Sunday, 28 November 2021

Editor's Pick #4: Finally Cherry Tiramisu

Editor's note: They say that tastes change as you get older, which might explain why I keep thinking about this recipe. I used to not be the biggest fan of cherries but as I was reading through dessert recipes, something clicked and now the flavours and ingredients together are really appealing to me! If you go all out with your shopping list, this has the potential to be a real show-stopper. The combination of sweetness, tartness, the biscuit crumb, the sponge, all coming together ... must dash, need to go shopping!


Cherry Tiramisu


8 tablespoons of cherry juice (100ml)

20fl oz whipping cream/1 pint/570ml (heavy)

4tbls cherry liqueur - Kirsch (optional)

one red velvet cup cake per serving

4tbls caster sugar

225g/8oz Mascarpone or curd cheese (Philadelphia)


4 Amaretti biscuits, crushed to a crumb

50g/2oz plain chocolate (grated) or

a cherry liqueur chocolate to decorate


Cherry compote


Red velvet sponge – see notes below


Cherry and Raspberry Compote


350g cherries, stoned – can use frozen

150g caster sugar

juice of 1 lemon (2 tbsps)

150g raspberries – can use frozen

4 tbsp water or juice from defrosted fruit


Pour the water into a pan and add the cherries, sugar and lemon juice. Place on a medium heat and stir until the sugar dissolves. Cook the cherries over a low heat for 5-10 minutes until they have released some juice but are not overcooked. If you are using frozen cherries you will have the fruit juices when defrosted – use this juice instead of the water and reduce the cooking time to 5 minutes.
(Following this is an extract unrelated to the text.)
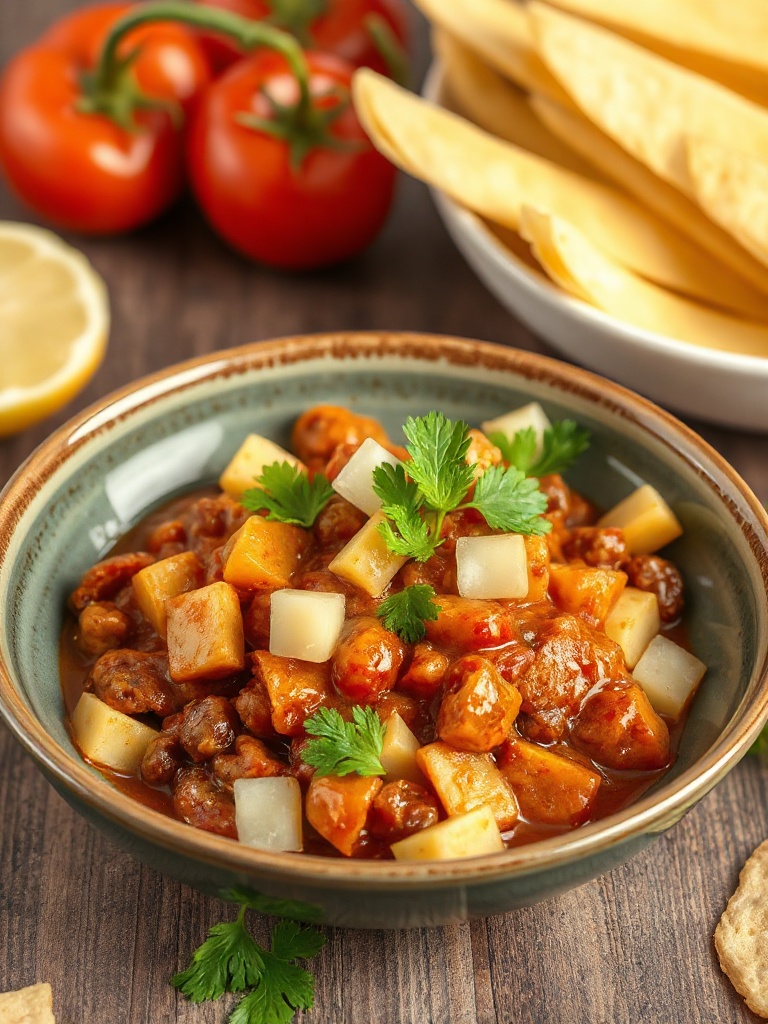 chili cone carne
Add the raspberries to the pan and cook for a further 1-2 minutes until they start to soften. Remove the pan from the heat and leave the mixture to cool, then chill it well before serving. Blitz the compote and pass through a sieve. You'll get 400ml.

Mix the cherry juice with the Kirsch. If you're serving kiddies then omit the Kirsch and add an additional 4 tbsp of cherry juice.

Mix the cream carefully with the sugar and mascarpone. A small tip – place the mascarpone cheese in a mixing bowl and add the sugar. Once combined add the cream gradually. Fold 2 tablespoons of cherry compote into the mixture, gently, to give a ripple effect.

Cut up the cake in shapes that suit the bowl you are using and dip into the cherry mixture.

Layer the mascarpone mixture with the sponge.

Add your decorations when you are about to serve – sprinkle the Amaretti crumb and then add the grated plain chocolate or a cherry liqueur chocolate.


For extra pizzazz add a puddle of cherry compote. Freeze the compote you don't use along with any red velvet sponge you have left for another day!

You have options with the red velvet sponge. I made red velvet cupcakes and a batch gave me 24, far more than I needed, which was deliberate since I was able to either freeze what I didn't use or add frosting for a traditional cupcake.

There are “fast fixes” out there – most large supermarkets sell red velvet cake mixes which will usually give you 12 cupcakes or a 7” cake. Betty Crocker likewise.